Ben Jamal, director of the Palestine Solidarity Campaign, said it was the 10th national march and it was “unprecedented” in recent British political history to see “this many people marching for this length of time”.

He said the protesters think the Government is “complicit” in what is happening to the people of Gaza and is “failing to put pressure on Israel” and “failing to call unequivocally for a ceasefire”.

People at a counter-protest to the pro-Palestine marches, in Victoria, central London.
People at a counter-protest to the pro-Palestine marches, in Victoria, central London (Jordan Pettitt/PA)

Mr Jamal added: “That’s what’s motivating them to continue to march. And we know the Government’s telling us ‘it’s time for you to go away, you’ve made your point, you’re all hatemongers’.

“You’ll see, people here come from all walks of life, young and old, many people here with young children.
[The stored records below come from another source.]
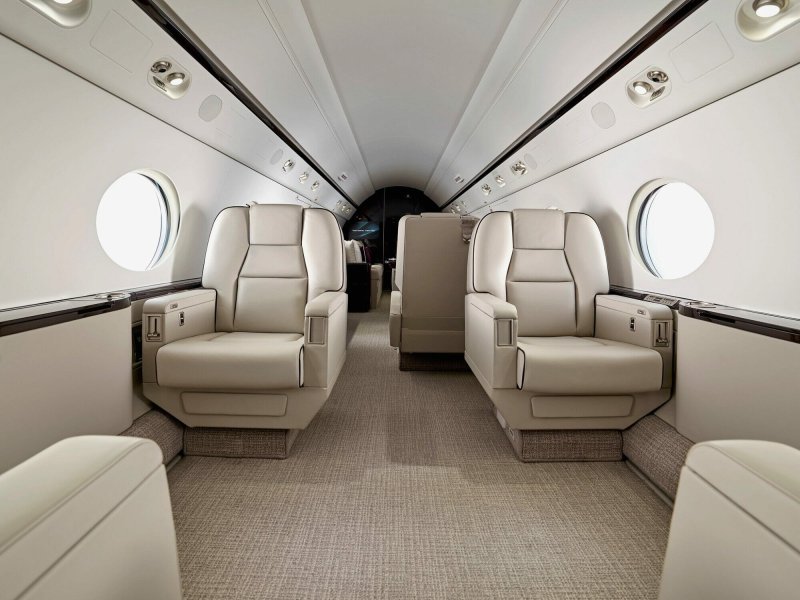 Гольфстрим g550 салон
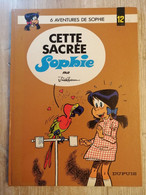 Bande Dessinée - Sophie 12 - Cette Sacrée Sophie (1977) - Sophie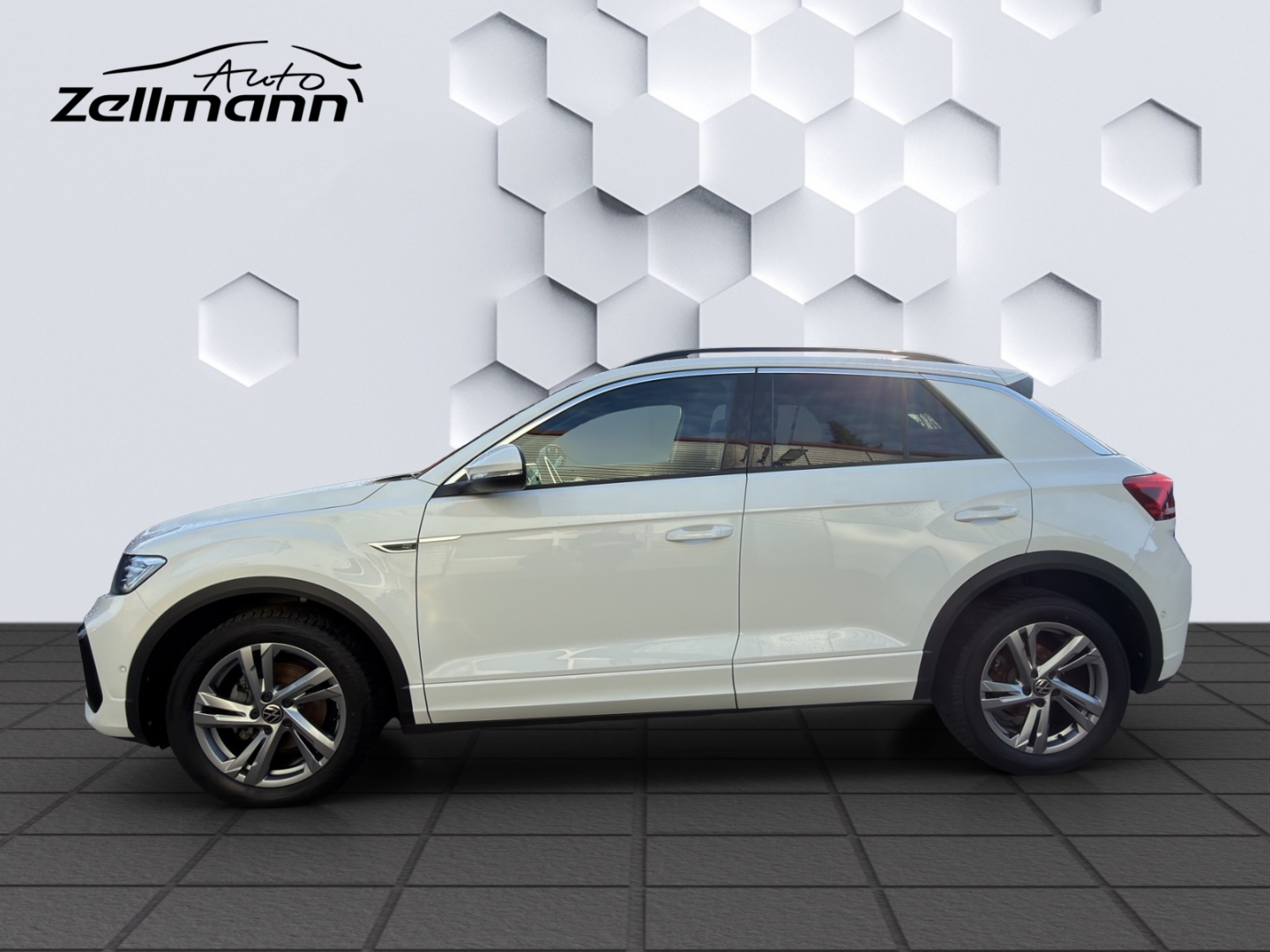 T-Roc R-Line 1.5TSI 110kW DSG AHZV LED GJR ACC Rückfahrkamera ParkAssist Sitzheizung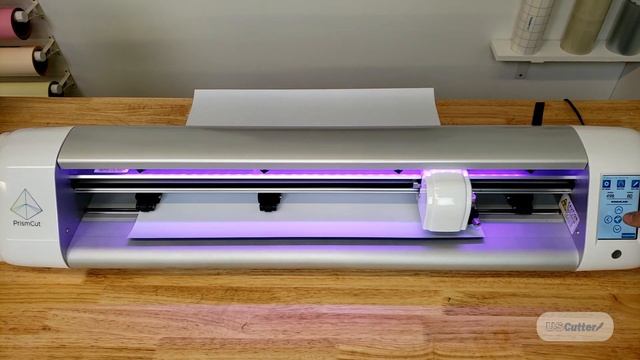 Quick Cuts - Cutting and loading HTV in your vinyl cutter with Vinyl Master and Siser HTV смотреть онлайн
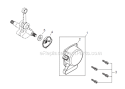 Page G Diagram and Parts List for AH254 T12612001001 - T12612999999 Shindaiwa Hedge Trimmer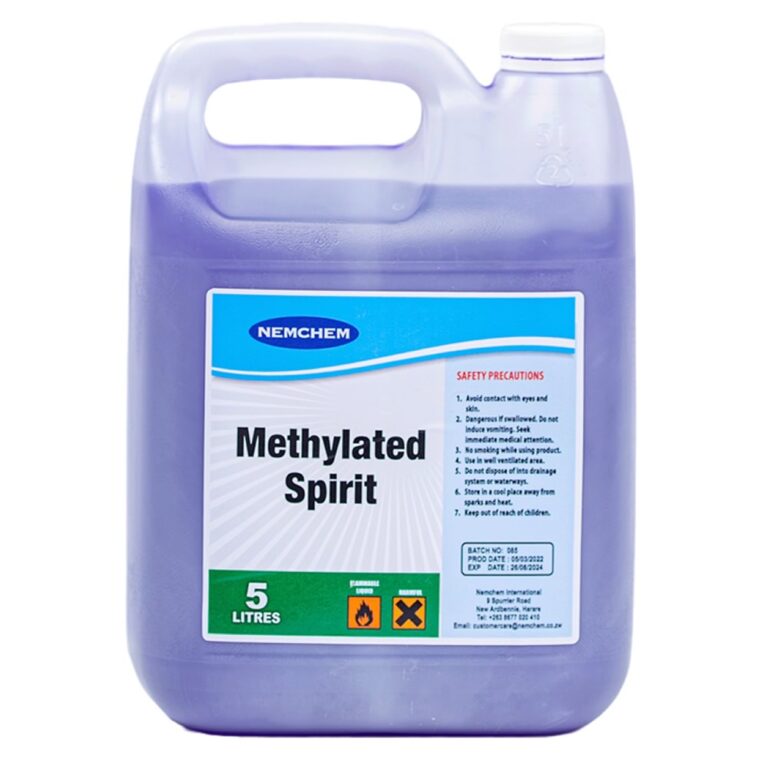 Methylated Spirit Mixed With Glycerin Methylated Spirit – Nemchem International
“They’re looking at what’s happening, they see children’s bodies being pulled out of the rubble, they look like that, they say it could be my child, that could be my brother, that could be my sister. I want it to stop and I want my Government to take action. That’s why they’re marching.”

A counter-protest to the pro-Palestine marches was held in Victoria, central London, on Saturday afternoon and organiser Itai Galmudy said they were “here to exercise our democratic right of making our voices heard” and that “Jews are not afraid and we’ve had enough of those anti-Israeli hate marches”.

The Metropolitan Police said there was no significant public order disturbance at any protest in London on Saturday, and there had been five arrests, including a woman for holding an offensive placard and two men for chanting offensive slogans.

One man was arrested for assault, and another under the Public Order Act who was seen carrying a shield and wearing a helmet.

The force said more than 2,300 officers policed 11 major events on Saturday, including eight football matches and an international rugby fixture, and 500 officers from outside the Met assisted on mutual aid.

It said: “As with all protests, our policing effort does not end as the crowd disperses. Evidence gathered during the protest will continue to be investigated and further inquiries and arrests will be conducted as appropriate.”